Page 1 of 2

Need help with a new plugin

Posted: Tue Jun 30, 2015 6:47 am
by MaxHeadroom
I have a system that implements a messaging middleware. I want to build a plugin for Nagios to capture status messages being sent across this middleware. The status messages can be very robust and include many parameters (E.g., State, mode, status, uptime, software revs, hardware info, installation details, Temperature, etc )

I was thinking the plugin would parse the status messages and pass the detailed information to Nagios. From there I could use the facilities within Nagios to determine thresholds, create alerts, and perform trend analysis and reporting. But it doesn't seem to work that way. It appears I only have OK, Warning, or Critical for passing to Nagios.

Am I reading this wrong? is there a way to pass more information to Nagios????

Thanks
Randy

Re: Need help with a new plugin

Posted: Tue Jun 30, 2015 9:17 am
by tmcdonald
The exit code of 0 through 3 determines the OK, WARNING, CRITICAL, or UNKNOWN status. You can also pass back textual information, and information that will be used to graph (performance data):

https://nagios-plugins.org/doc/guidelines.html

Re: Need help with a new plugin

Posted: Tue Jun 30, 2015 9:24 am
by ssax
In addition to what tmcdonald posted:

From http://nagios.sourceforge.net/docs/3_0/pluginapi.html:
Plugin Output Spec

At a minimum, plugins should return at least one of text output. Beginning with Nagios 3, plugins can optionally return multiple lines of output. Plugins may also return optional performance data that can be processed by external applications. The basic format for plugin output is shown below:

TEXT OUTPUT | OPTIONAL PERFDATA
LONG TEXT LINE 1
LONG TEXT LINE 2
...
LONG TEXT LINE N | PERFDATA LINE 2
PERFDATA LINE 3
...
PERFDATA LINE N

The performance data (shown in orange) is optional. If a plugin returns performance data in its output, it must separate the performance data from the other text output using a pipe (|) symbol. Additional lines of long text output (shown in blue) are also optional.
You can read more here as well:

https://nagios-plugins.org/doc/guidelines.html

Re: Need help with a new plugin

Posted: Tue Jun 30, 2015 9:32 am
by MaxHeadroom
tmcdonald wrote:The exit code of 0 through 3 determines the OK, WARNING, CRITICAL, or UNKNOWN status. You can also pass back textual information, and information that will be used to graph (performance data):

https://nagios-plugins.org/doc/guidelines.html
Thanks. Graphing is something that I am interested in. Can I have Nagios compare textual information (E.g., temperature) against a threshold and use the alert facilities of Nagios should I go above some value?

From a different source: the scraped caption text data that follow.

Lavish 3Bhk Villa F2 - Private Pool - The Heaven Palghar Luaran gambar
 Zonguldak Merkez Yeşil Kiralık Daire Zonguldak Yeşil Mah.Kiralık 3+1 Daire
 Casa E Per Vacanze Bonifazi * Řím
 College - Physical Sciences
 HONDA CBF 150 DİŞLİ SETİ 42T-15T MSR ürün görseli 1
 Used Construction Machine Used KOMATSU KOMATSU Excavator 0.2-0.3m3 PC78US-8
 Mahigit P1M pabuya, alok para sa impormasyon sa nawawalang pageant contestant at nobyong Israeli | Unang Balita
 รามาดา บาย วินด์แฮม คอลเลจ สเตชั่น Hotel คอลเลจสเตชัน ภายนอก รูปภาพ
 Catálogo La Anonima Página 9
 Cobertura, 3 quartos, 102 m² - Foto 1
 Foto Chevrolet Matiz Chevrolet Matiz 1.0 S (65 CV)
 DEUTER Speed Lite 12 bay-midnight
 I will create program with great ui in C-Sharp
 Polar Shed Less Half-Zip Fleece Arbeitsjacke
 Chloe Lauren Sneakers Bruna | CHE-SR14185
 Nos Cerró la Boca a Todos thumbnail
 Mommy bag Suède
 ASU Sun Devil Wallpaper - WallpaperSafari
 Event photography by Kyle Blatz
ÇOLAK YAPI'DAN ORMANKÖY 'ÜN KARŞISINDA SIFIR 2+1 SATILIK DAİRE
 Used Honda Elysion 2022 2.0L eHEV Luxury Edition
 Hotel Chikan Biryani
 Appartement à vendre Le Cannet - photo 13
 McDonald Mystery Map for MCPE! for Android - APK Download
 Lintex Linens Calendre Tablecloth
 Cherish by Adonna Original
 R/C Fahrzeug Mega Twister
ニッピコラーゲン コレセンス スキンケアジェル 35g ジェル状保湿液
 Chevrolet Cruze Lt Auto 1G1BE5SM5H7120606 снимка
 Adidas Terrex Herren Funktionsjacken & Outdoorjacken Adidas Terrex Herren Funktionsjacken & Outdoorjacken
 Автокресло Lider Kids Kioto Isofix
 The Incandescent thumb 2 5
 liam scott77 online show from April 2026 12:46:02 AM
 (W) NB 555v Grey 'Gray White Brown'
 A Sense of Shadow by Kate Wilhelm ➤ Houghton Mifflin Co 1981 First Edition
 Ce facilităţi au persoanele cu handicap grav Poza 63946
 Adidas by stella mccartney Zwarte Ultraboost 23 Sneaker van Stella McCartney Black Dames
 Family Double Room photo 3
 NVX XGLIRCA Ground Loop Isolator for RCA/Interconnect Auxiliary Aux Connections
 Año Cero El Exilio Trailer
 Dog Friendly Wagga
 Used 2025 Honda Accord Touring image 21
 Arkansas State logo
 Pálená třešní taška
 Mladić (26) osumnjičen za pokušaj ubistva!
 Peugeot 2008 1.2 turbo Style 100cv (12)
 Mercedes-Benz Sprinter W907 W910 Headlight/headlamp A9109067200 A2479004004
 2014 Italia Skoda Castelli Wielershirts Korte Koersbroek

Re: Need help with a new plugin

Posted: Tue Jun 30, 2015 9:46 am
by MaxHeadroom
ssax wrote:In addition to what tmcdonald posted:

From http://nagios.sourceforge.net/docs/3_0/pluginapi.html:
Plugin Output Spec

At a minimum, plugins should return at least one of text output. Beginning with Nagios 3, plugins can optionally return multiple lines of output. Plugins may also return optional performance data that can be processed by external applications. The basic format for plugin output is shown below:

TEXT OUTPUT | OPTIONAL PERFDATA
LONG TEXT LINE 1
LONG TEXT LINE 2
...
LONG TEXT LINE N | PERFDATA LINE 2
PERFDATA LINE 3
...
PERFDATA LINE N

The performance data (shown in orange) is optional. If a plugin returns performance data in its output, it must separate the performance data from the other text output using a pipe (|) symbol. Additional lines of long text output (shown in blue) are also optional.

Thanks. Could an example temperature performance data look like this:

Temperature | 78
SendingSystemId=123456789
Units=degrees


Then, again, I would want Nagios to compare the temperature (I.e., 78) to a threshold value. If the threshold is breached then I want Nagios to send out the alerts. coding the threshold inside the plugin doesn't seem like a good architecture.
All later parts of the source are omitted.